Sunday, 10 June 2018

Thinking about dying

Jesus called out with a loud voice, ‘Father, into your hands I commit my spirit.’ When he had said this, he breathed his last. Luke 23:46

For to me, to live is Christ and to die is gain. Philippians 1:21

Every couple of weeks I attend a small poetry-reading group (oh, what wild, crazy, nefarious activities we retirees get up to!).

Recently someone read a poem by the Welshman Dylan Thomas - you may very well know it. It doesn’t have a title, but is known by its first line: “Do not go gentle into that good night.” The “good night” referred to is death, and the person Thomas is addressing is his father. He is pleading with his dying father not to meekly submit (“go gentle”) to the approach of death: “Old age should burn and rave at close of day;/ Rage, rage against the dying of the light.”

I know nothing about the circumstances of Thomas’ father’s death, and I certainly would never pass any kind of judgment. But I couldn’t help but feel how sad those words are - and how alien to the Christian understanding of death.

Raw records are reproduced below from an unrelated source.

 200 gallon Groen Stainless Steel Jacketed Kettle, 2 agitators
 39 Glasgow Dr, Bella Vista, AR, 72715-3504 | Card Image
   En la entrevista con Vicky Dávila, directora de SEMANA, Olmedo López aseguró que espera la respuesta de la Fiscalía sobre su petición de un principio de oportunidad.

Christianity is never sentimental about death. Paul bluntly refers to it as an enemy - “the last enemy to be destroyed is death” (1 Corinthians 15:26).

And though I love the old hymn based on words of Francis of Assisi, “All creatures of our God and King”, I must admit I’ve never felt comfortable with the verse that starts, “And thou, most kind and gentle death,/ Waiting to hush our latest breath...”

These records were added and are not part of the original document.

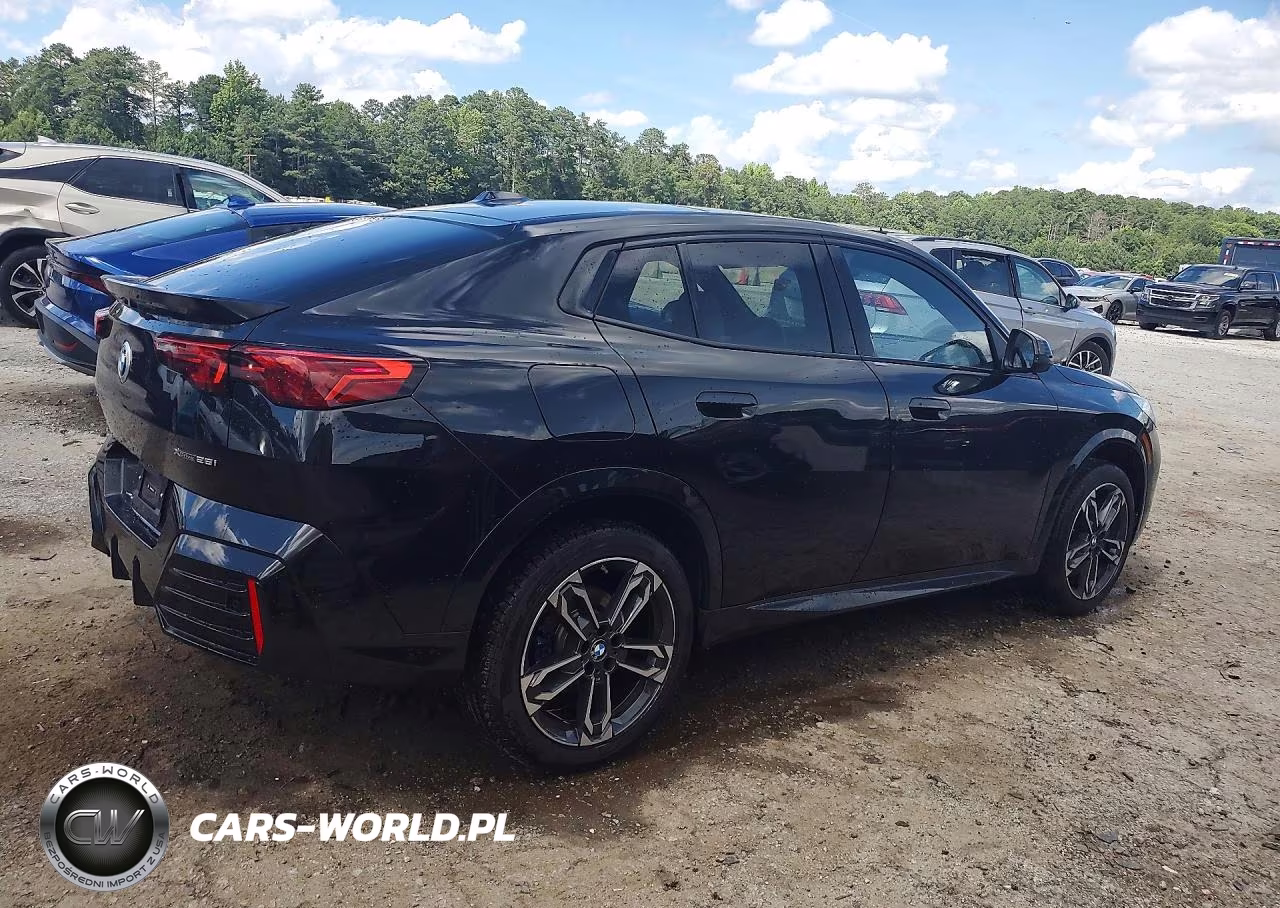 2026 BMW X2 xDrive28I VIN:WBX63GM07T5501241 - 3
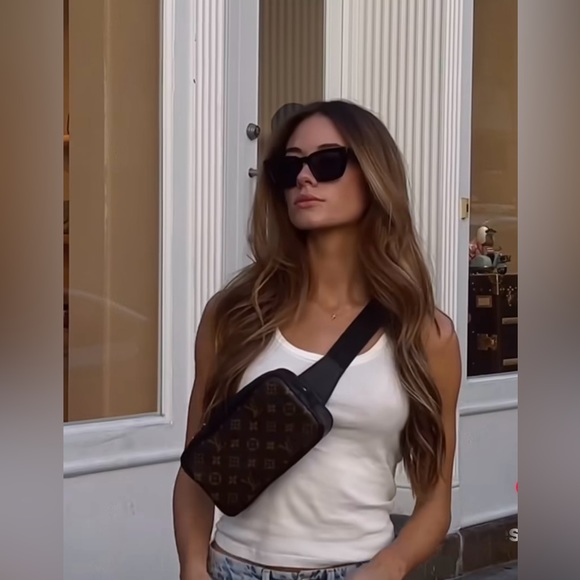 Louis Vuitton Vintage Boho Fanny Pack - Picture 10 of 12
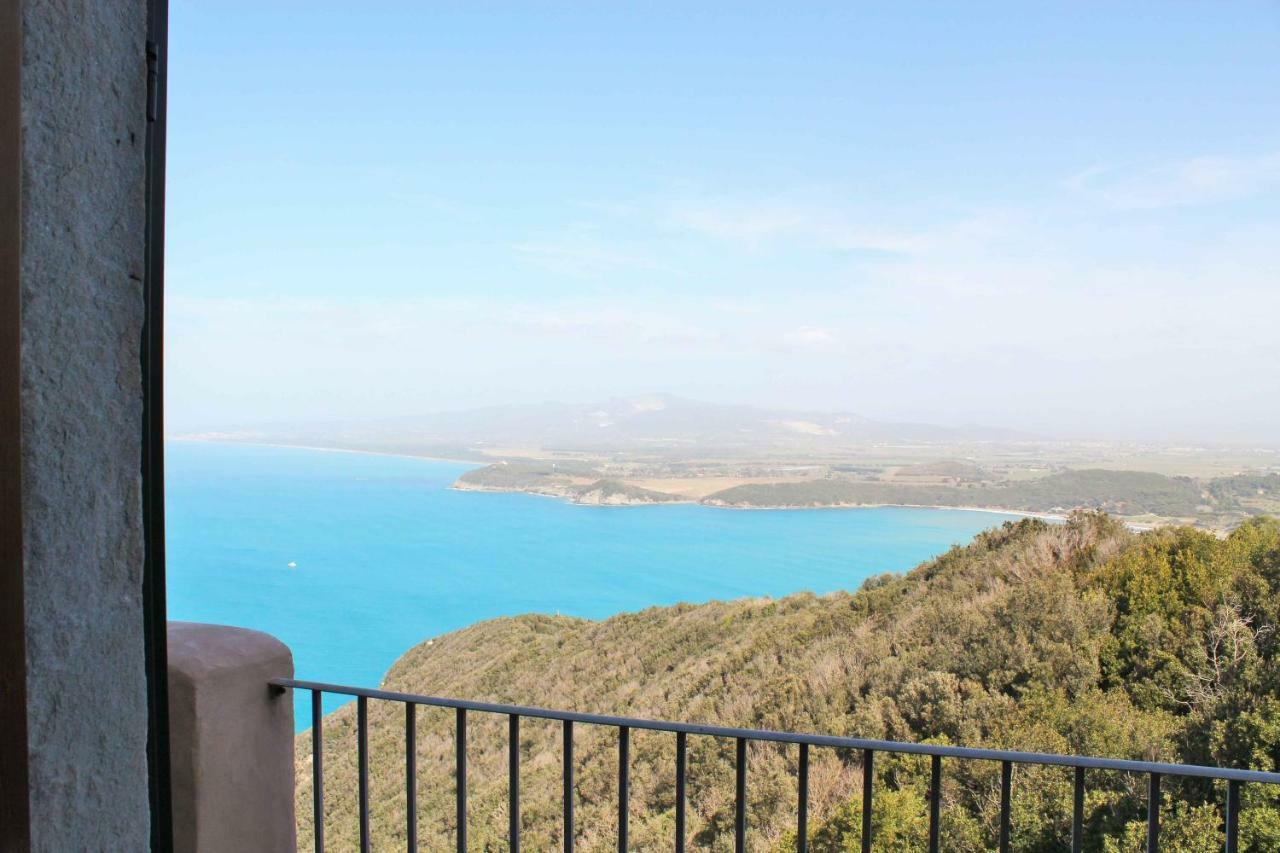 Castello Di Populonia Villa A Mare Eksteriør billede
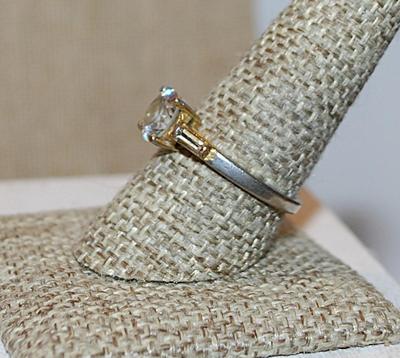 Size 9½ Vintage Single "Diamond-Style" Clear Round Stone RING with 2 Baguette Side Stones on a 2-Tone Band (4.0g)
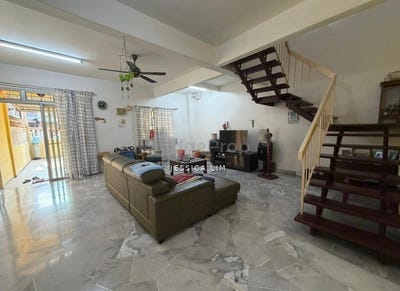 /international/my/jalan-melor-jalan-inai-rawang-selangor-370120480684/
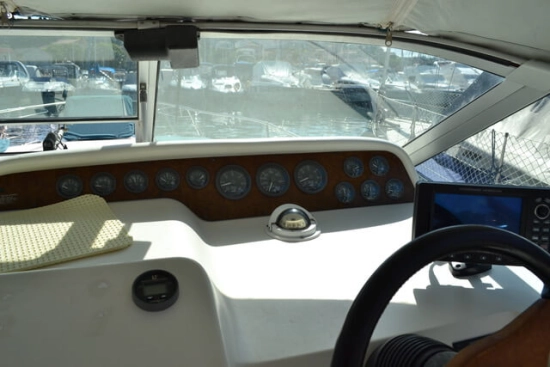 Sea Ray Sundancer 290 usata in vendita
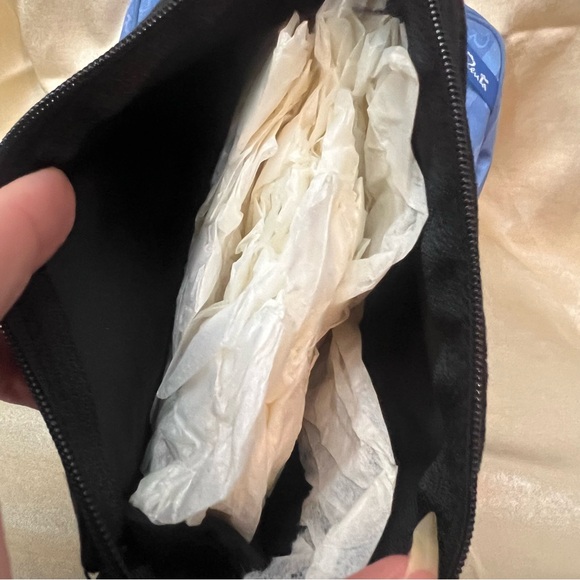 Oscar De La Renta Bundle! NWT Sunnies, NWT Velvet Travel Pouch, NWOT Nylon Pouch - Picture 6 of 16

No! Death may indeed come as “kind and gentle” to a very tiny minority; but it’s not like that in the experience of most people, and that’s not how the Bible sees it: “enemy” will do for me, thanks very much!

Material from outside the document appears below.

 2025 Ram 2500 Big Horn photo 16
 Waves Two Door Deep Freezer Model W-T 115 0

But Christianity is all about hope, even in the face of death: at its heart is the greatest story ever told - that death, though certainly an enemy, is a defeated enemy, overcome not in some “spiritual” or “mystical” sense, but in hard physical reality on that first Easter morning. Jesus died; and Jesus rose again. Hallelujah!

Personally, I have no wish to die. I shrink from the very thought. I enjoy this life too much, and feel that there is still a lot of living, and loving, to do. No doubt I will cling to life as long as I can - that’s just a natural part of the way we human beings are made. Probably you feel the same.

But when that time comes I hope that God, in his grace, will help me not to “rage, rage”, not to “burn and rave at close of day”, but to approach death with the attitude of Paul: “to me, to live is Christ, to die is gain.”

What extraordinary words those are! Have you ever seriously reflected on them? If they mean anything at all, they mean that, whatever he or she may lose, the Christian can only gain by dying.

Jesus knew better than anyone the horror of death. His suffering wasn’t just physical, but far worse - the suffering of being abandoned by his heavenly Father: “My God, my God, why have you forsaken me?” he cried (Matthew 27:46). But at the end he was able to pray - and “with a loud voice” too! - “Father, into your hands I commit my spirit” (Luke 23:46). John adds the vivid detail: “With that, he bowed his head and gave up his spirit” (John 19:30). Forgive the cliché but... what a way to go!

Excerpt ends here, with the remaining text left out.